Un p'tit topic pour ceux qui s'intéressent à l'art contemporain, aujourd'hui je vous propose de découvrir une artiste japonaise que j'affectionne : Yayoi Kusama.

Son histoire permettra de mieux comprendre sa pratique artistique c'est pourquoi je vous en fait un petit résumé :

Artiste japonaise née en 1929, Yayoi Kusama réalise ses premières oeuvres au début des années 50. Dés l'âge de 10 ans elle est victime d'hallucinations (points partout où elle regarde ), elle souffre d'une maladie psychiatrique. C'est alors que débute pour elle un travail "thérapeutique" avec l'art...Yayoi Kusama représente des environnements recouverts de points.
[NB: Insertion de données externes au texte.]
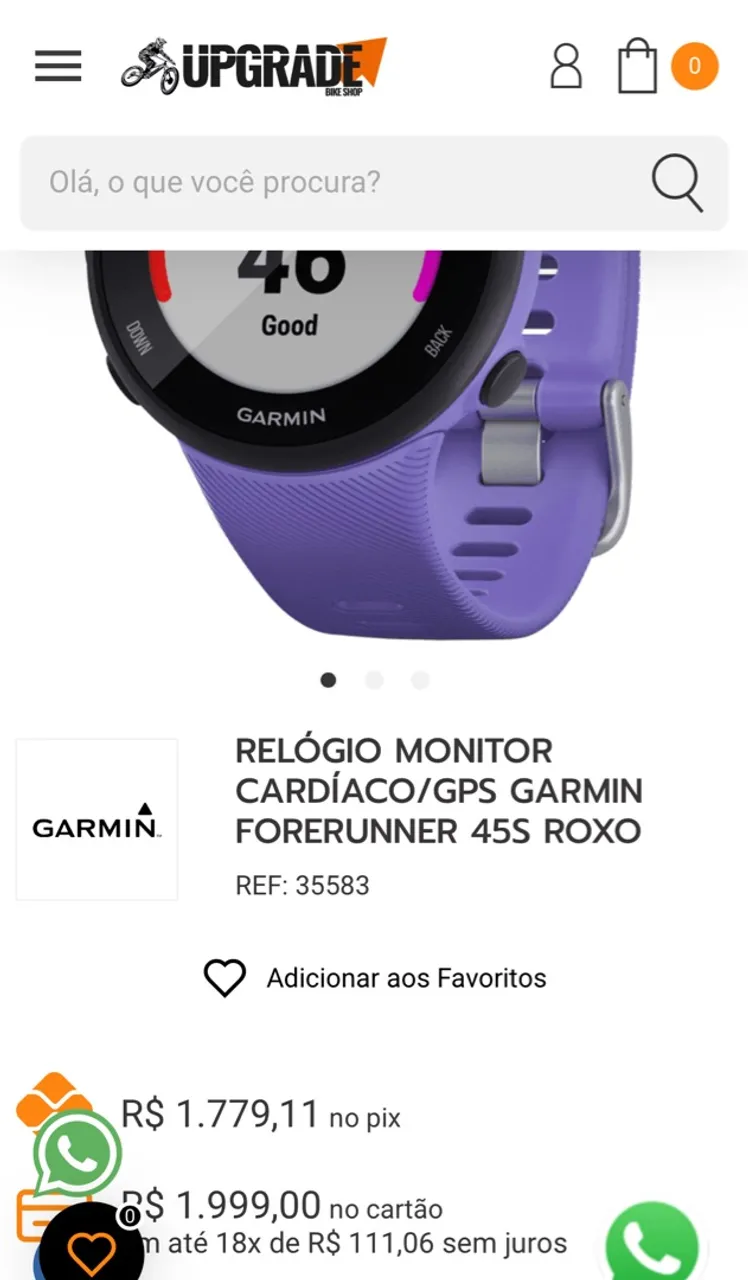 Garmin Fornerunner 45S Roxo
En effet, ces pois, ces mailles, sont le produit du délire imaginaire de l'artiste ce qui l'amena très vite à un état d'enfermement mental. La domination du régime militaire et le climat socio-politique japonais des années 40, renforçeront également chez Kusama, ces sentiments de rage, de frustration et d'instabilité émotionnelle. La seule issue lui permettant de se "libérer" de ces obsessions psychologiques (et sexuelles) est la pratique artistique, dans laquelle la répétition et l'accumulation de motifs agit sur elle comme une thérapie.
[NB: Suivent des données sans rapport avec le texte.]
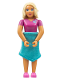 Minifig No: belvfemale66a  Name: Belville Female - Magenta Top with Flowers on Shoulder Pattern, Dark Pink Shoes, Tan Hair, Skirt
Au début des années 60 Kusama quitte le Japon pour les Etats-Unis et s'installe à New York jusqu'en 1972. En 1964 a lieu à la Galerie Gertrud Stein, la première installation environnementale de Yayoi Kusama: Aggregation: One Thousand Boats Show. Viendront les Infinity Mirrors Rooms, où l'accumulation, thème cher à l'artiste, prend toute sa résonance avec l'utilisation des miroirs.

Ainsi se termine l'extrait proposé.